Published: October 28, 2013
Updated: February 10, 2015
Applies To: Azure, Office 365, Windows Intune
If your organization has an on-premises directory service, you can integrate it with your Microsoft Azure Active Directory (Microsoft Azure AD) directory and embrace the Microsoft enterprise-grade cloud service, IT governance and self-service capabilities, thus improving your end-user productivity, enable compliance, and reduce administrative costs.
Extending your on-premises directories to Azure AD provides the following benefits:
Simplifying your cloud-based administrative tasks
Providing your users with a more streamlined sign-in experience
Obtaining single sign-on to all cloud-based applications
Securely and seamlessly managing your user and device identities, both cloud and on-premises, through a unified experience
Managing your first- and third-party applications, SaaS and other existing enterprise cloud and on-premises applications through a unified experience
For more information, see Similarities between Active Directory and Azure AD.

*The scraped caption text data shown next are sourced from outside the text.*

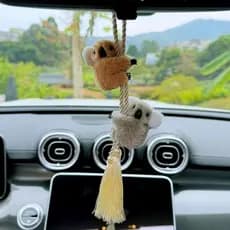 Novo estilo pingente de carro bonito coala pingente de carro Interior pingente High-End espelho retrovisor do carro jóia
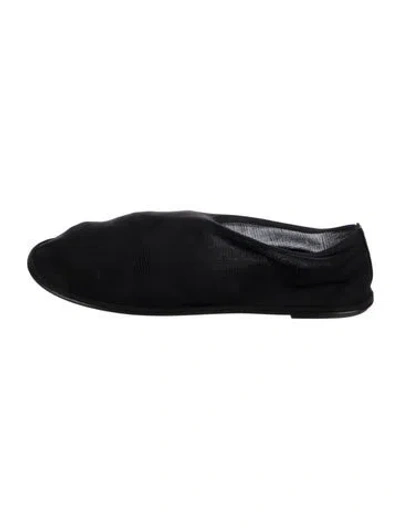 Pre-owned The Row Sock Mesh Ballet Flats In Black
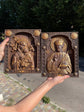 Virgin Mary and Jesus Set of two Wooden panels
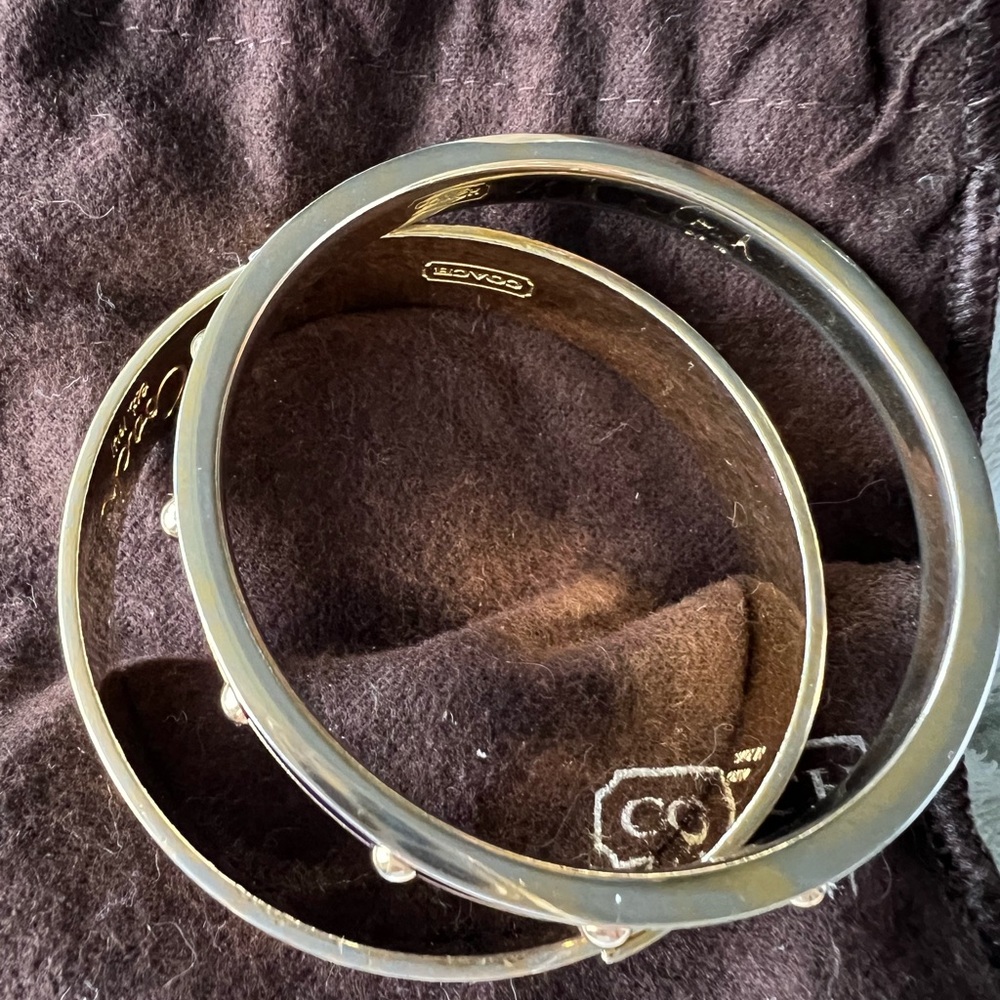 Coach Bangles/ Bracelets Set - image 7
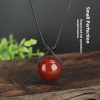 Red Agate Necklace Women's Simple All-matching Long Sweater Chain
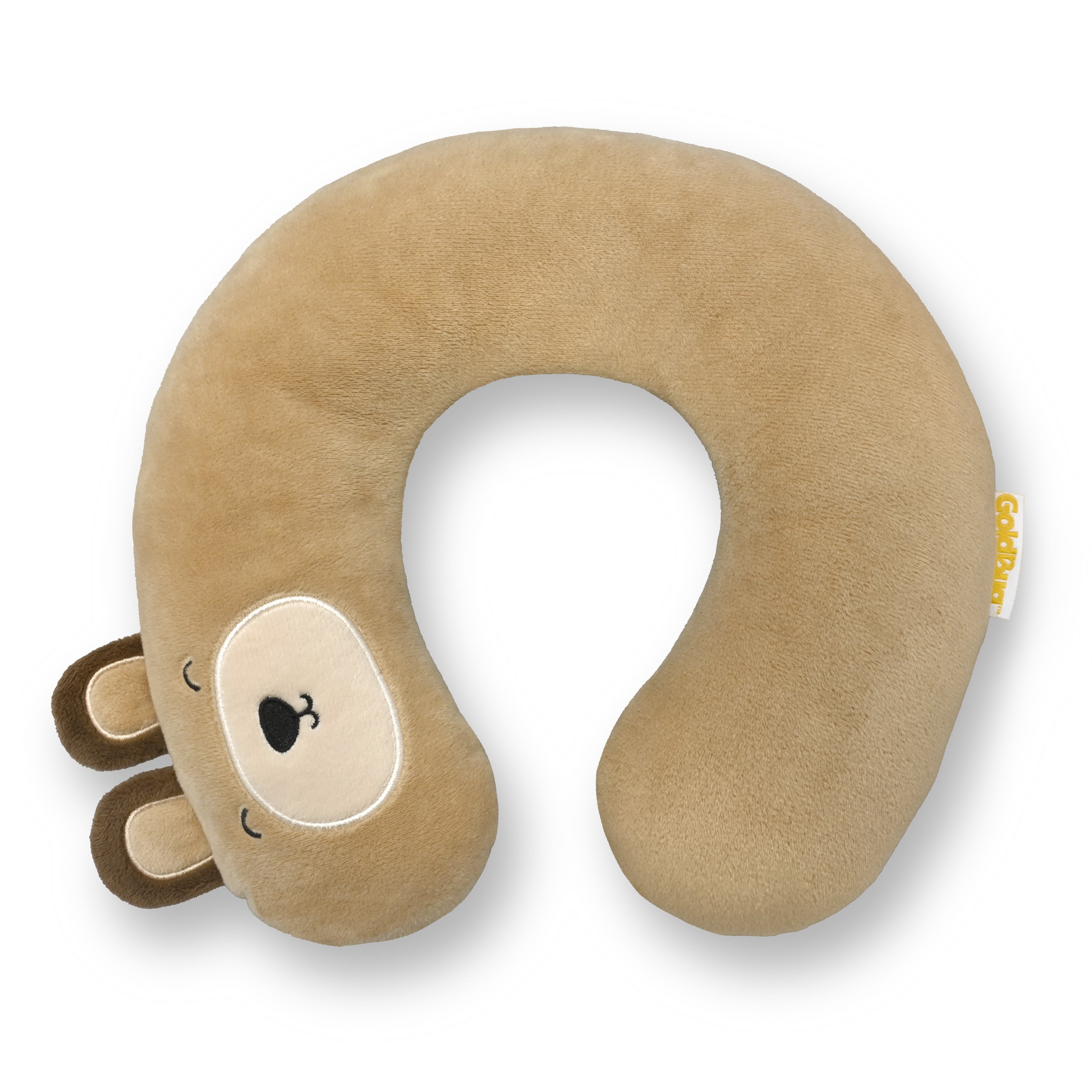 Goldbug Travel Pillow, Head and Neck Support for Toddlers, Bear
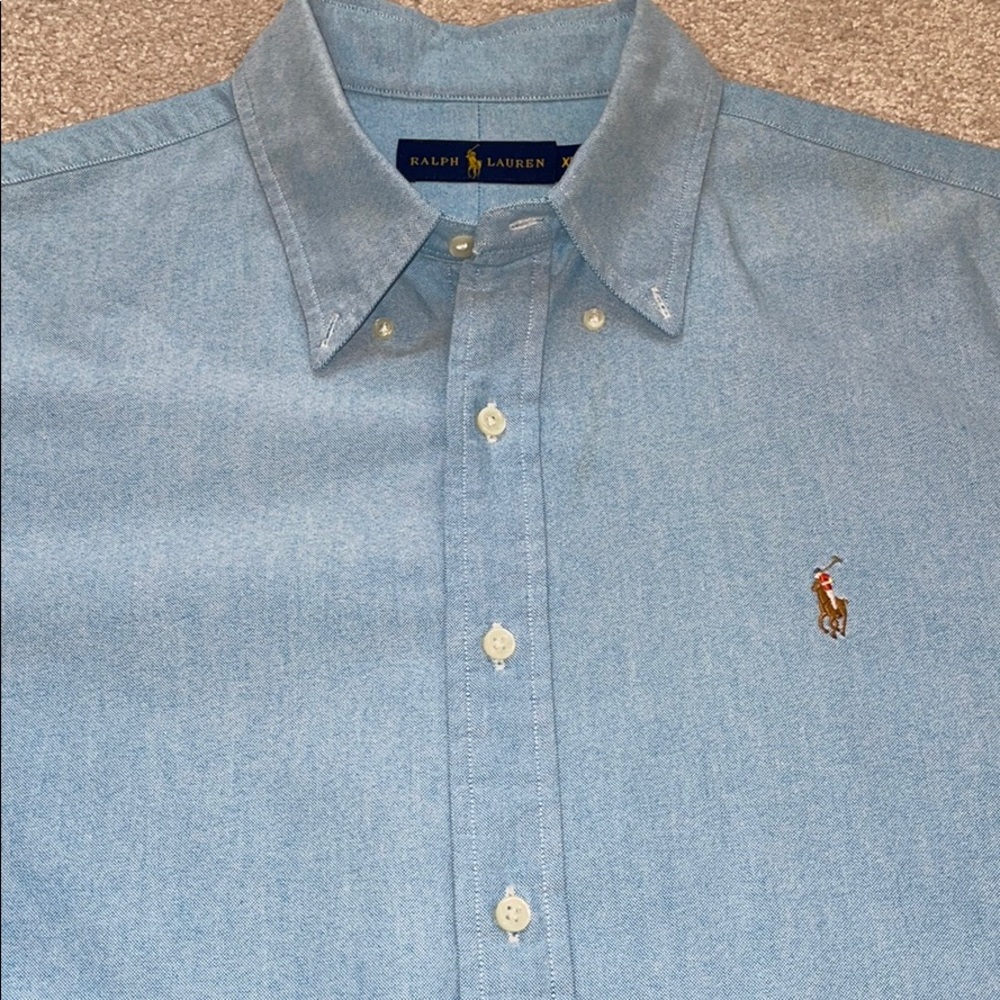 Ralph Lauren Oxford Chambray Short Sleeve Shirt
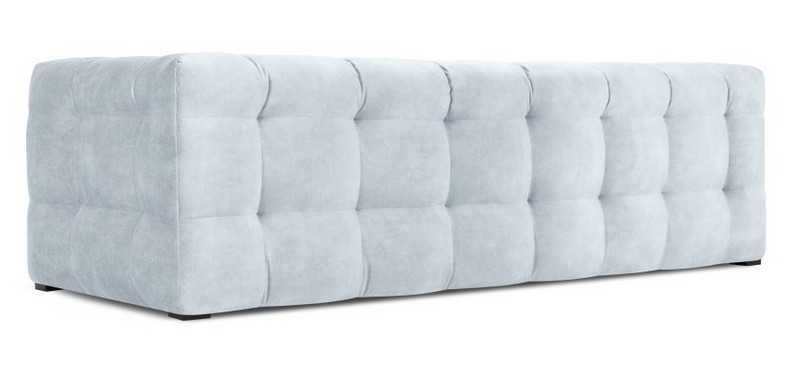 Sofa 3-os. Vesta z aksamitu jasny niebieski 236x102x68cm Windsor&Co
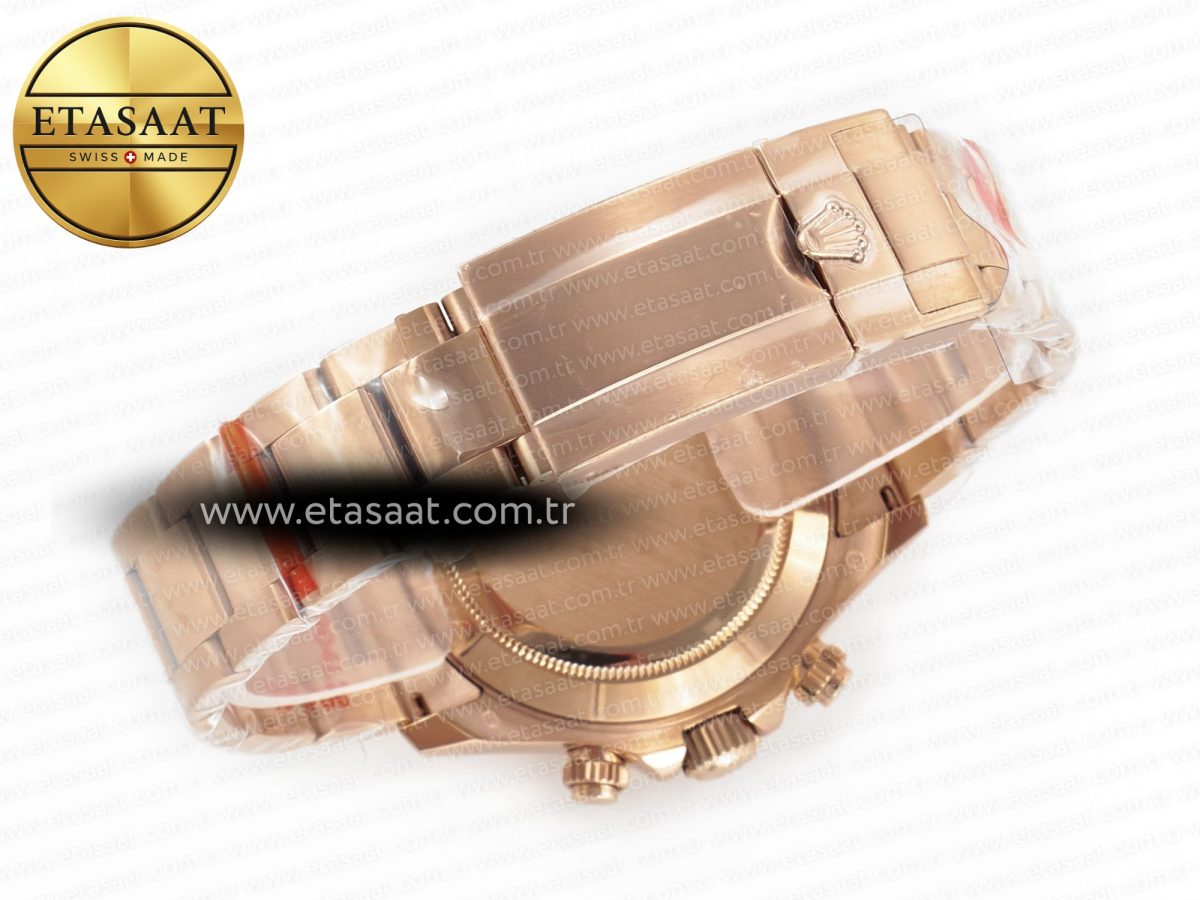 Rolex Daytona 116505 QF 1:1 Best Edition Brown Dial on RG Bracelet SH4130 V3 (Gain Weight) - Görsel 17
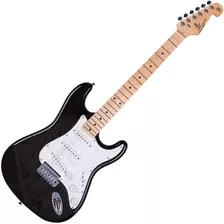 Guitarra Stratocaster Sx Preta Sst Swamp Ash Trans Black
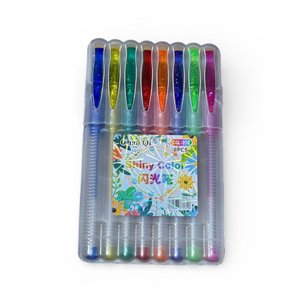 طقم قلم جيل علبه فاكيوم ٨ قلم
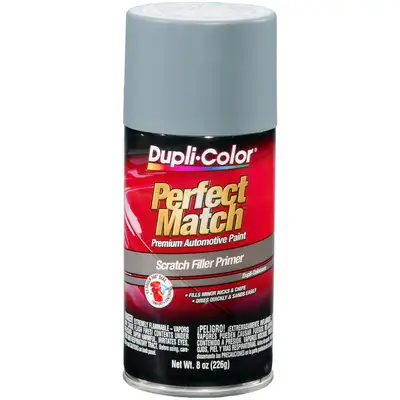 Dupli-Color Exactmatch Scratch Filler Primer; Gray; 8 Oz. Aerosol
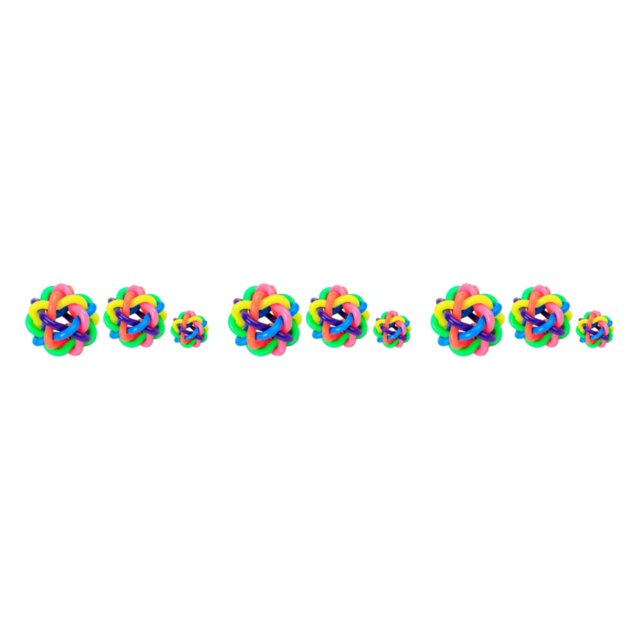 mmirethe 3pcs Dog Toy Bite-Resistant Rubber Training Chewing Ball Gifts For Dogs Strong Tooth Toy For Dogs As Shown 3Set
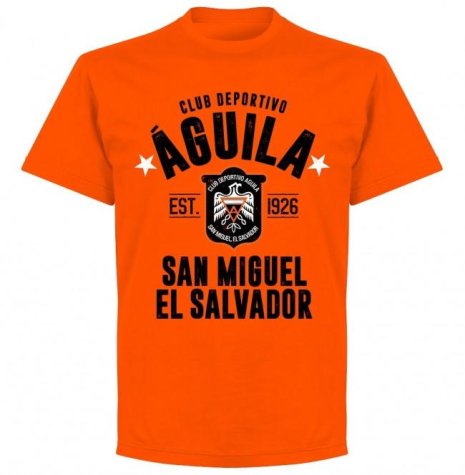 Club Deportivo Aguila Established T-shirt - Orange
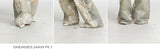 Vintage Digital Lace Print Flare Jeans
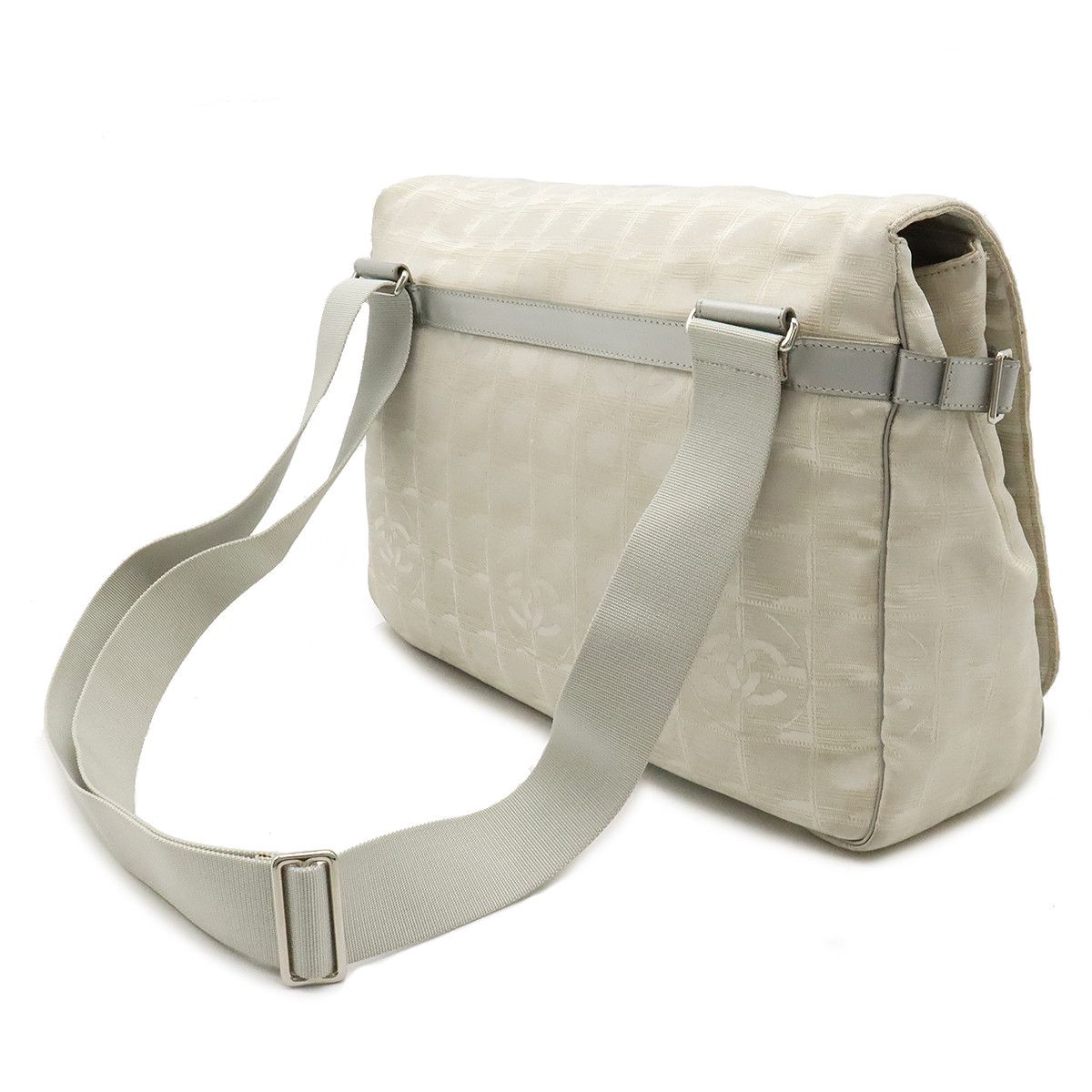 Chanel Chanel Chanel New Travel Line Messenger Bag A29348 Canvas Crossbody Bag A29348 in Very Good Condition Size ONE SIZE - 2 Thumbnail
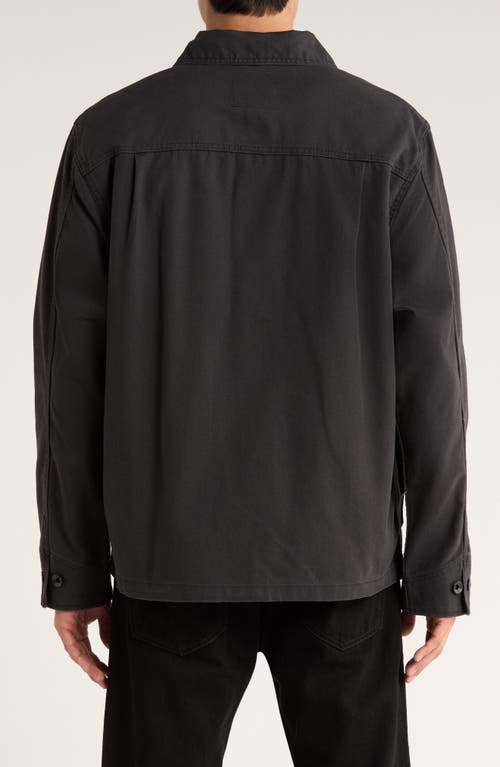 Vans Drill Cotton Canvas Chore Coat In Black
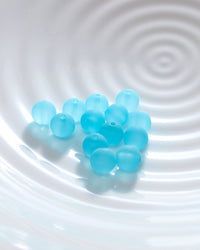 丸玉フロスト アクセサリーパーツ 両穴 直径10mm　 VC0095-1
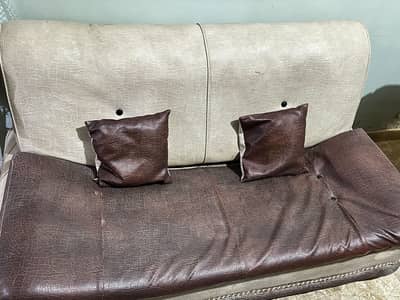 7 seater leather  sofa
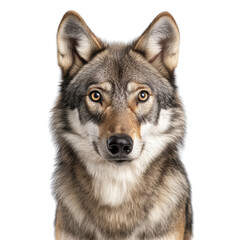 Obraz premium Majestic Wolf Portrait, Intense Eyes | Wildlife Portraits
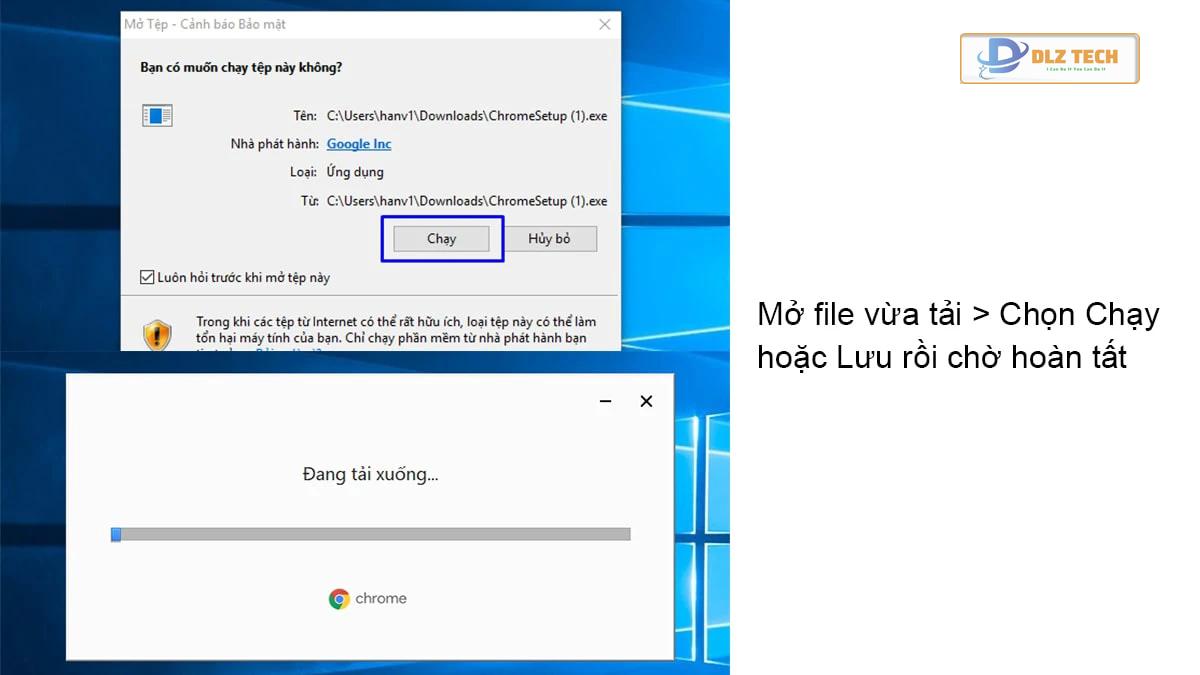 Cách tải Chrome cho máy tính trên Win 7,10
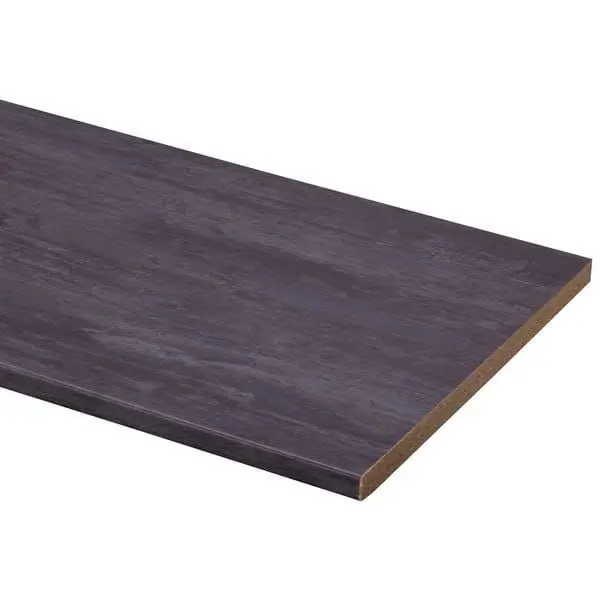 Finale Uitverkoop Werkblad Staalgrijs 28 mm 60×302 cm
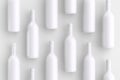 White Alcohol Bottles. Decorative low contrast background. Alcohol theme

|An important part of planning your hybrid identity infrastructure (extending your local directories to Azure AD) is determining how you want to administer your directory, as well as how your users will sign into Microsoft cloud services. For more information and a high-level matrix of benefits and features provided with each of these scenarios, see Determine which directory integration scenario to use.|
Azure AD supports the following four directory integration scenarios:
Directory Sync Scenario
- Used to synchronize on-premises directory objects (users, groups, contacts) to the cloud to help reduce administrative overhead. Directory synchronization is also referred to as directory sync. Once directory sync has been set up, administrators can manage directory objects from your on-premises Active Directory and those changes will be synchronized to your tenant. In this scenario, your users will use different user name and passwords to access your cloud and on-premises resources.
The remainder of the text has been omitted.